Dat werd zijn lievelingsplek. Daar leefde hij als kluizenaar. Zijn vroegere vrienden hielden hem voor waanzinnig. Zij bespotten hem en somtijds wierpen vijandige menschen hem met slijk en steenen. Twee jaren bracht hij zoo door. Toen hoorde hij onder de mis in de kerk van Portiuncula het Evangelie van de uitzending der jongeren zonder schoenen, zonder geld noch gordel (Matth. 10 : 9, 10).

Daarop riep hij jubelend uit: „Dat is het, wat ik zoek”. Hij trok zijn sandalen uit, ontdeed zich van zijn gordel en wierp zelfs zijn bedelzak en staf van zich. Hij meende plotseling het doel zijns levens gevonden te hebben, nl. het oorspronkelijk Christendom te vernieuwen. Van toen af predikte hij in de straten van Assisi. Hij maande met aangrijpenden ernst tot boete en bekeering. Die hem bespotten, zegende hij.

Vruchteloos bleef zijn arbeid niet. Spoedig sloot zich bij hem aan een rijke burger van Assisi, Bernardo de Quintevalle. Deze verkocht alles, wat hij had en gaf het den armen. Daarna sloten zich drie priesters bij hem aan en ook enkele leeken. Franciscus zeide tot hen : „Na korten tijd zullen wijzen en edelen komen, die met u zullen prediken voor vorsten en volken en velen zullen zich bekeeren tot den Heere. Hij heeft het mij laten zien.

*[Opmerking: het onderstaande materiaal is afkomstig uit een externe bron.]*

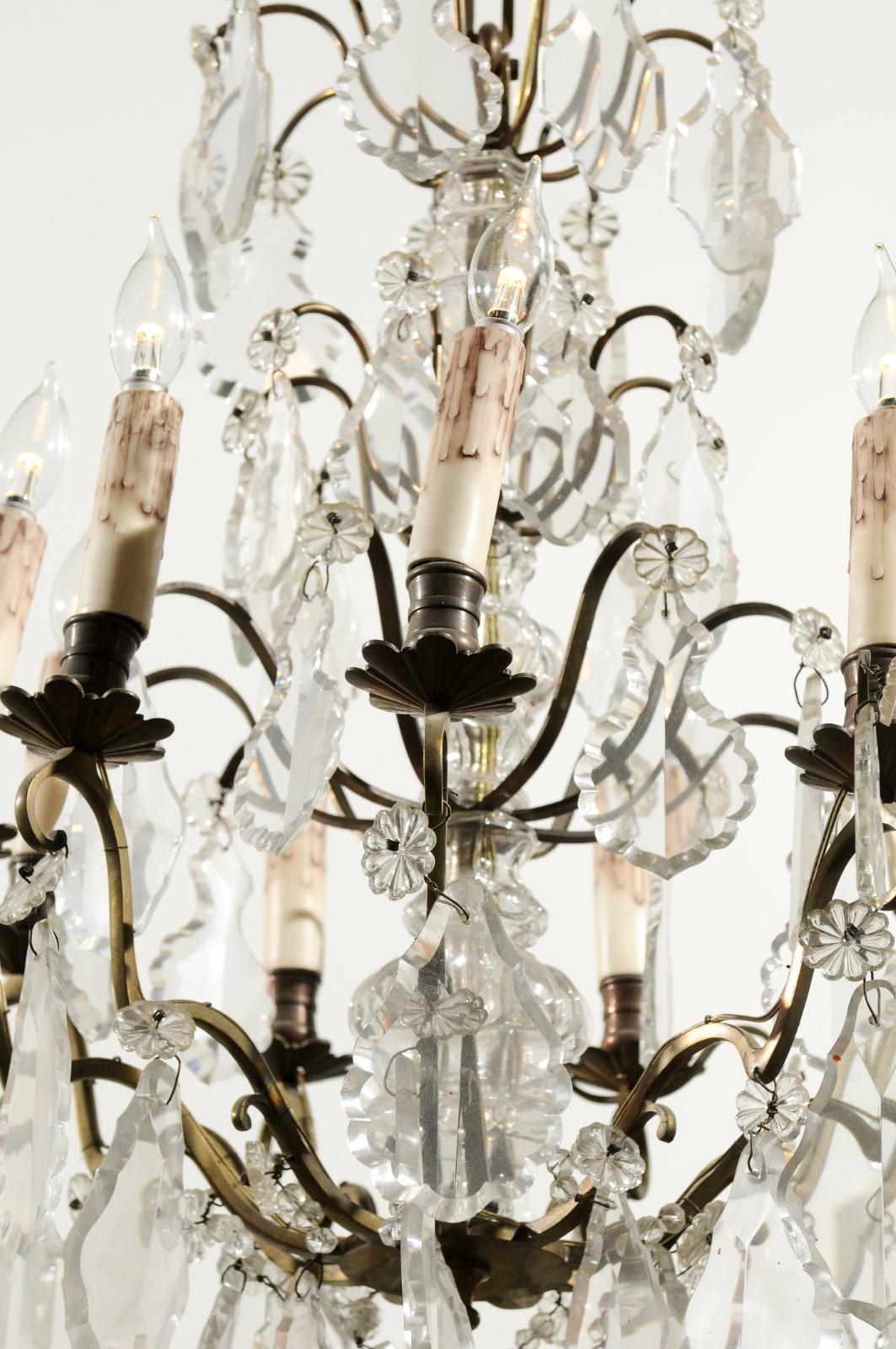 A French nine-light crystal chandelier from the early 20th century, with brass armature and flower-shaped bobèches. Born in France during the Belle-Époque era, this exquisite chandelier features a brass scrolling armature, adorned with large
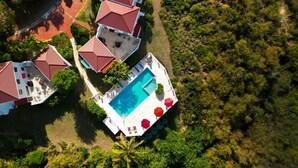 An aerial view of a resort with multiple buildings, a swimming pool, and lush greenery. - 2 bedroom, 2.5 bath with pool access & ocean view (Cruz Bay)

In mijn ooren is het geruisch van velerlei talen, die tot ons gebracht zullen worden. Er zullen Spanjaarden en Franschen komen, Duitschers en Engelschen. De Heere wil ons tot een groot volk maken tot aan het einde der aarde”. In 1210 waren de volgelingen al tot een elftal aangegroeid. Nu achtte Franciscus het oogenblik gekomen om deze door een regel te binden. Zoo heeft Franciscus in altoosdurende devotie, in niets sparende ascese geleefd, altoos contempleerend.

Zulk een leven van waken en vasten kon niet lang duren. Toen hij 43 jaar oud was, was hij al op. Eerst kreeg hij een gebrek aan de oogen. Hij onderwierp zich aan een smartelijke operatie. Maar het zat hem niet alleen in de oogen, hij was geheel en al afgemat en krank. Omdat hij niet meer loopen kon, liet hij zich op een ezel door het land voeren.

Hij predikte nog, toen hij al half een lijk was. Toen hij den dood voelde naderen, liet hij zich naar zijn lievelingsplek te Portiuncula brengen. Hij strekte de handen uit, om zijn jongeren te zegenen. Met asch bestrooid lag hij op den grond in de kerk en wachtte onder gebed en het opzeggen van den 104den psalm den dood af. Vrienden lazen hem nog voor uit het Evangelie van Johannes. Eindelijk op 4 October 1226 stierf hij.

Op den volgenden morgen (dat was op een Zondag) werd zijn lijk in processie naar de stad gedragen en in de kerk van St. Qeorge bijgezet. Reeds 2 jaren na zijn dood werd Franciscus door paus Gregorius IX heilig verklaard. Hij moet in zijn lichaam de litteekenen van Jezus’lijden gedragen hebben. Volgens Elias van Cortone ontving hij die twee jaren voor zijn dood, nadat hij 40 dagen op den berg Alvarno gevast had. Dat was het eerste geval van stigmatisatie.